Le délai est un paramètre non négligeable dans la post analytique. D’après les recommandations des groupes d’experts du CLSI (The Clinical & Laboratory Standards Institute), le GFHT (Groupe Français d’Etude sur l’Hémostase et la Thrombose) et l’ECAT (European Concerted Action on Thrombosis), les prélèvements du sang total ou le plasma, conservés à la température ambiante (15⁰C - 25⁰C) pour les tests d'hémostase de routine ou la détermination des facteurs de coagulation, doivent être analysés dans les 4 heures suivant le prélèvement, à l'exception du TP, ayant une stabilité pouvant aller jusqu'à 24 heures, et des tests visant à surveiller les traitements avec l'héparine non fractionnée, pour lesquels le délai ne doit pas dépasser 2 heures [21, 22]. Souvent ce paramètre manque sur les demandes d’examen. Dans notre série, l’heure exacte du prélèvement n’était pas mentionnée dans 60,0% des cas. Pour
l’équipe de Ye Y. et al [6], qui a rapporté un taux de 0,001% de dépassement de délai entre la réalisation du prélèvement et la réception des tubes dans la salle de traitement, le traitement rapide des prélèvements contribue à minimiser de façon générale les rejets dus aux erreurs pré-analytiques. Cette réalité ne semble pas être bien perçue au niveau de nos unités d’hospitalisation, car ce paramètre n’a pu être évalué à cause de l’absence d’informations sur l’heure exacte du prélèvement. Il s’agit d’un problème majeur, dont les conséquences peuvent porter préjudice aux patients, ayant des prélèvements reçus après dépassement des délais acceptables car les résultats peuvent être erronés.
La méthode de prélèvement recommandée est la méthode sous vide avec un system vacutainer®.

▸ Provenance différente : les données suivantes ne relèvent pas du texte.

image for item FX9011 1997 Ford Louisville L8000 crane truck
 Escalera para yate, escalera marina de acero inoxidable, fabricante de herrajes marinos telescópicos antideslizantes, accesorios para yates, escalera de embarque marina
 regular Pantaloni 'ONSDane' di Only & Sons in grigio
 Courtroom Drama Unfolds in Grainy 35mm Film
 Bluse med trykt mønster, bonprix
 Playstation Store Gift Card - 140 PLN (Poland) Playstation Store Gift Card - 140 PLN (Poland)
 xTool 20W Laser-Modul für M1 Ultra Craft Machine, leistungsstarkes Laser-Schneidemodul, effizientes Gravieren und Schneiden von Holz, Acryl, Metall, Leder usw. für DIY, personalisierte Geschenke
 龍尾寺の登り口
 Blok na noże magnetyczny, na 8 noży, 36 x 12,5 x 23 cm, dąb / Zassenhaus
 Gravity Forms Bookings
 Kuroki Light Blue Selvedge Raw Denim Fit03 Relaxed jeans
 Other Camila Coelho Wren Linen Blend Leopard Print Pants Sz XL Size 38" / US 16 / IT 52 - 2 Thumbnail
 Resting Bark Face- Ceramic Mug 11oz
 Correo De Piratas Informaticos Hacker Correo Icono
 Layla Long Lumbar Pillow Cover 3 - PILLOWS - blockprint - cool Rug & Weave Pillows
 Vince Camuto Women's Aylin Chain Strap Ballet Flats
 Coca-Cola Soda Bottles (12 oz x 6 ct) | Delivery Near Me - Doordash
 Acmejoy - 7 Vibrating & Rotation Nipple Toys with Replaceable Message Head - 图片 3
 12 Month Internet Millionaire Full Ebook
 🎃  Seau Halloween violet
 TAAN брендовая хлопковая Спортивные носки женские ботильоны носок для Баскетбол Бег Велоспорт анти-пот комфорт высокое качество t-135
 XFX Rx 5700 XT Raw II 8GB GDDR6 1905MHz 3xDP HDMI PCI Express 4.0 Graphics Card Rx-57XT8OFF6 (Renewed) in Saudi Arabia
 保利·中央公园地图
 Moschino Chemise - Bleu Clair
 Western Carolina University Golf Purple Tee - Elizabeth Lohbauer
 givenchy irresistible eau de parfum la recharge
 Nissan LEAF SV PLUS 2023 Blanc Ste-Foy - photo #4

Dans notre série, seuls les prélèvements effectués au laboratoire ont réalisés sous vide tandis que les échantillons prélevés au sein des services d’hospitalisation sont réalisés à l’aide d’une seringue. C’est un facteur qui pourrait expliquer la fréquence élevée des coagulums observés dans cette étude. Ceci traduit la nécessité d’actions urgentes pour corriger cette erreur évitable de la pré-analytique. Il n’est pas évident que le respect de l’ordre des tubes qui est capital dans la procédure, soit aussi respecter dans les unités d’hospitalisation, puisque ce paramètre n’a pu être évalué dans notre étude. Selon les recommandations du GFHT et du CLSI, le tube d’hémostase doit être prélevé en deuxième position après un tube sec de « purge » ou après le prélèvement des flacons d’hémoculture [11, 21].
Le respect du niveau de remplissage des tubes est un élément déterminant dans la qualité des résultats des tests d’hémostase. Selon les dernières recommandations du GFHT (Mai 2017), trois niveaux de remplissage sont à considérer.
Les tubes à remplissage non conforme représentaient 0,83% de la totalité des tubes prélevés. Pour les tubes provenant des unités d’hospitalisation, 2,77% étaient non conformes. Ceci semble être un problème commun, qui est couramment rapporté dans la littérature. En effet les auteurs rapportent un taux compris entre 0,02 et 10,5% de cette non-conformité. Ceci pourrait expliquer le taux de 10% d’échantillons contenant un coagulum.
Conclusion
Le respect des conditions pré-analytiques constitue un volet majeur dans la fiabilité et la validité des résultats en hémostase. Cette étude a mis en exergue quelques insuffisances qui nécessitent l’initiation d’actions et d’activités correctives impliquant tous les acteurs de la chaine de traitement des échantillons des analyses en hémostase.